Free Republic University, Department of History presents
World War II Plus 70 Years: Seminar and Discussion Forum First session: September 1, 2009. Last date to add: September 2, 2015.
Reading assignment:
New York Times articles delivered daily to students on the 70th anniversary of original publication date. (Previously posted articles can be found by searching on keyword realtime Or view
Homers posting history .)
To add this class to or drop it from your schedule notify Admissions and Records (Attn: Homer_J_Simpson) by freepmail. Those on the Realtime +/- 70 Years ping list are automatically enrolled. Course description, prerequisites and tuition information is available at the bottom of Homers profile. Also visit our
general discussion thread.
To: Homer_J_Simpson
Selections from West Point Atlas for the Second World War Tunisia, 1942: Final Allied Offensive 22 April Attack, 3 May Attack, and Exploitation
The Far East and the Pacific, 1941: Status of Forces and Allied Theater Boundaries, 2 July 1942
India-Burma, 1942: Allied Lines of Communication, 1942-1943
2 posted on
04/25/2013 4:39:42 AM PDT by
Homer_J_Simpson
("Every nation has the government that it deserves." - Joseph de Maistre (1753-1821))
To: Homer_J_Simpson
April 25, 1943:
- April 22: "The Jews of Amersfoort, Holland, are deported.

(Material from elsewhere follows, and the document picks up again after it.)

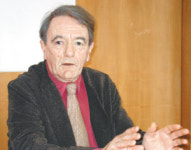 “욕망 제어 못하는 민주주의, 사회 질서 해치는 정치과잉”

- April 25: "As fires set by Germans consume the Warsaw Ghetto, a German Jew named Hoch desperately leaps from a fourth-floor window, breaking both arms and his spine; See Late April 1943
- Late April: "Jewish resistance in the Warsaw Ghetto begins to falter as bunkers are broached by German troops.
Artillery bombardment of the ghetto has foiled Jewish strategy of engaging Germans in costly hand-to-hand combat; See May 1943."

"In April 1943 members of the German Army discovered a mass grave in a heavily forested area just outside of Katyn, a remote Soviet village. An international commission of physicians identified the bodies -- 4,143 discovered, but thousands more believed to be killed -- as Polish officers and soldiers.
According to the report issued by the German government, the men were captured by the Soviets during the 1939 Polish campaign; each was killed with a single shot to the nape of the neck just prior to the German invasion of Russia.
"When the Polish government-in-exile in London concurred with the report, Soviet leader Joseph Stalin broke off relations with the civilian regime and claimed that the Germans had committed the murders.
The Allies upheld Stalin's claim until 1952, when a United States congressional inquiry concluded that the Soviet secret police were responsible.
In April 1990 the Soviet Union acknowledged its responsibility for the Katyn Massacre."
7 posted on
04/25/2013 7:06:48 AM PDT by
BroJoeK
(a little historical perspective....)
To: Homer_J_Simpson
Thanks for the extra credit, Homer. With grades like mine, you need everything you can get.
I have one more comment on today's stories, however. In the war news quiz is the question who are the Gurkhas? The Times' answer is they are natives of India. That is wrong and the reason it is wrong has to do with why Gurkhas are not from India.
In the 19th Century the British invaded Nepal, seeking to add it to British India. It is one of the few colonial wars they lost (our own Revolution being the worst defeat, of course). But the Brits were so impressed by Nepal's Gurkha soldiers that they sought to recruit them into their army. Gurkhas have served ever since and served with distinction in WWII. At Indian independence the British and Indian armies split the Gurkha regiments. Still with the Brits, the Gurkhas scared the hell out of the Argies in the Falklands war.